▶ [Task goal] Your output should consist of the data, copied exactly.

── Exercise data

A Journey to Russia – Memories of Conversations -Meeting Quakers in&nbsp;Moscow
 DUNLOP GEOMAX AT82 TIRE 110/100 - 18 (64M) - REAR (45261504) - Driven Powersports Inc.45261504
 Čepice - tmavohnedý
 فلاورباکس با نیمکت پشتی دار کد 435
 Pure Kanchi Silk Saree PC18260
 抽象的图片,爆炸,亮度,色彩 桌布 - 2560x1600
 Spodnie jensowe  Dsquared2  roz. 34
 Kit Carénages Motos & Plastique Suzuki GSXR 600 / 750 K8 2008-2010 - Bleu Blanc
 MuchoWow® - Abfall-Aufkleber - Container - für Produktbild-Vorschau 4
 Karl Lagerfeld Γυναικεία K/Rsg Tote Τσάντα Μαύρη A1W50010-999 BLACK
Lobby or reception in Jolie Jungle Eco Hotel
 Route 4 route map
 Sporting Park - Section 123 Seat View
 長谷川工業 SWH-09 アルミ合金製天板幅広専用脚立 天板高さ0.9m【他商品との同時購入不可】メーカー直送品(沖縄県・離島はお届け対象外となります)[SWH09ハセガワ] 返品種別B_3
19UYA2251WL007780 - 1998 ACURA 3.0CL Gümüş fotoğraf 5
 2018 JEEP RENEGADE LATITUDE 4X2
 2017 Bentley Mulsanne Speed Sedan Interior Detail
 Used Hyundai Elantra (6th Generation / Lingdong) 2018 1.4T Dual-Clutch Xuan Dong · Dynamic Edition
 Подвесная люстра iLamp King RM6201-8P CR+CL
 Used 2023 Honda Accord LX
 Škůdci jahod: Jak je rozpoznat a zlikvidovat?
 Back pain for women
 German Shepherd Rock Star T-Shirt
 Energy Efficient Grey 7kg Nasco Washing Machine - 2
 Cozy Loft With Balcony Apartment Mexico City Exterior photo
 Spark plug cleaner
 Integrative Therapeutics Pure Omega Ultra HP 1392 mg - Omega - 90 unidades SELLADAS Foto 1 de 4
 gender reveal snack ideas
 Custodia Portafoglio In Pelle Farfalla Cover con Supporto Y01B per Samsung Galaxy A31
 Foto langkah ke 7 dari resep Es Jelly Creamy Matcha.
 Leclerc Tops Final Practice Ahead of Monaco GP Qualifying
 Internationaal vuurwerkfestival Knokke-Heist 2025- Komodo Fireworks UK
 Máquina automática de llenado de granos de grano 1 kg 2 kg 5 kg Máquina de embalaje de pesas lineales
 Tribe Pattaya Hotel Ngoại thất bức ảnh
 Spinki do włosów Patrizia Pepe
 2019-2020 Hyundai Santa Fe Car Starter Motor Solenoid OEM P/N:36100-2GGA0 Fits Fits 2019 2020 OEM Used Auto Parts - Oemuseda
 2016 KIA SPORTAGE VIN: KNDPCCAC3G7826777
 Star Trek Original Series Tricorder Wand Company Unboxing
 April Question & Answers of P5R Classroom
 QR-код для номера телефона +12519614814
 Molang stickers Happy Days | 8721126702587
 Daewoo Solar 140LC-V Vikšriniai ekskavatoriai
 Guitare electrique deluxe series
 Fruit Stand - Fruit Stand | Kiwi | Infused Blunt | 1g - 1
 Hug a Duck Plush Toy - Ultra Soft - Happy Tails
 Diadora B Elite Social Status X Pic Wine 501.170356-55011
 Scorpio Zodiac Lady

────

▶ [Answer for the task]
A Journey to Russia – Memories of Conversations -Meeting Quakers in&nbsp;Moscow
 DUNLOP GEOMAX AT82 TIRE 110/100 - 18 (64M) - REAR (45261504) - Driven Powersports Inc.45261504
 Čepice - tmavohnedý
 فلاورباکس با نیمکت پشتی دار کد 435
 Pure Kanchi Silk Saree PC18260
 抽象的图片,爆炸,亮度,色彩 桌布 - 2560x1600
 Spodnie jensowe  Dsquared2  roz. 34
 Kit Carénages Motos & Plastique Suzuki GSXR 600 / 750 K8 2008-2010 - Bleu Blanc
 MuchoWow® - Abfall-Aufkleber - Container - für Produktbild-Vorschau 4
 Karl Lagerfeld Γυναικεία K/Rsg Tote Τσάντα Μαύρη A1W50010-999 BLACK
Lobby or reception in Jolie Jungle Eco Hotel
 Route 4 route map
 Sporting Park - Section 123 Seat View
 長谷川工業 SWH-09 アルミ合金製天板幅広専用脚立 天板高さ0.9m【他商品との同時購入不可】メーカー直送品(沖縄県・離島はお届け対象外となります)[SWH09ハセガワ] 返品種別B_3
19UYA2251WL007780 - 1998 ACURA 3.0CL Gümüş fotoğraf 5
 2018 JEEP RENEGADE LATITUDE 4X2
 2017 Bentley Mulsanne Speed Sedan Interior Detail
 Used Hyundai Elantra (6th Generation / Lingdong) 2018 1.4T Dual-Clutch Xuan Dong · Dynamic Edition
 Подвесная люстра iLamp King RM6201-8P CR+CL
 Used 2023 Honda Accord LX
 Škůdci jahod: Jak je rozpoznat a zlikvidovat?
 Back pain for women
 German Shepherd Rock Star T-Shirt
 Energy Efficient Grey 7kg Nasco Washing Machine - 2
 Cozy Loft With Balcony Apartment Mexico City Exterior photo
 Spark plug cleaner
 Integrative Therapeutics Pure Omega Ultra HP 1392 mg - Omega - 90 unidades SELLADAS Foto 1 de 4
 gender reveal snack ideas
 Custodia Portafoglio In Pelle Farfalla Cover con Supporto Y01B per Samsung Galaxy A31
 Foto langkah ke 7 dari resep Es Jelly Creamy Matcha.
 Leclerc Tops Final Practice Ahead of Monaco GP Qualifying
 Internationaal vuurwerkfestival Knokke-Heist 2025- Komodo Fireworks UK
 Máquina automática de llenado de granos de grano 1 kg 2 kg 5 kg Máquina de embalaje de pesas lineales
 Tribe Pattaya Hotel Ngoại thất bức ảnh
 Spinki do włosów Patrizia Pepe
 2019-2020 Hyundai Santa Fe Car Starter Motor Solenoid OEM P/N:36100-2GGA0 Fits Fits 2019 2020 OEM Used Auto Parts - Oemuseda
 2016 KIA SPORTAGE VIN: KNDPCCAC3G7826777
 Star Trek Original Series Tricorder Wand Company Unboxing
 April Question & Answers of P5R Classroom
 QR-код для номера телефона +12519614814
 Molang stickers Happy Days | 8721126702587
 Daewoo Solar 140LC-V Vikšriniai ekskavatoriai
 Guitare electrique deluxe series
 Fruit Stand - Fruit Stand | Kiwi | Infused Blunt | 1g - 1
 Hug a Duck Plush Toy - Ultra Soft - Happy Tails
 Diadora B Elite Social Status X Pic Wine 501.170356-55011
 Scorpio Zodiac Lady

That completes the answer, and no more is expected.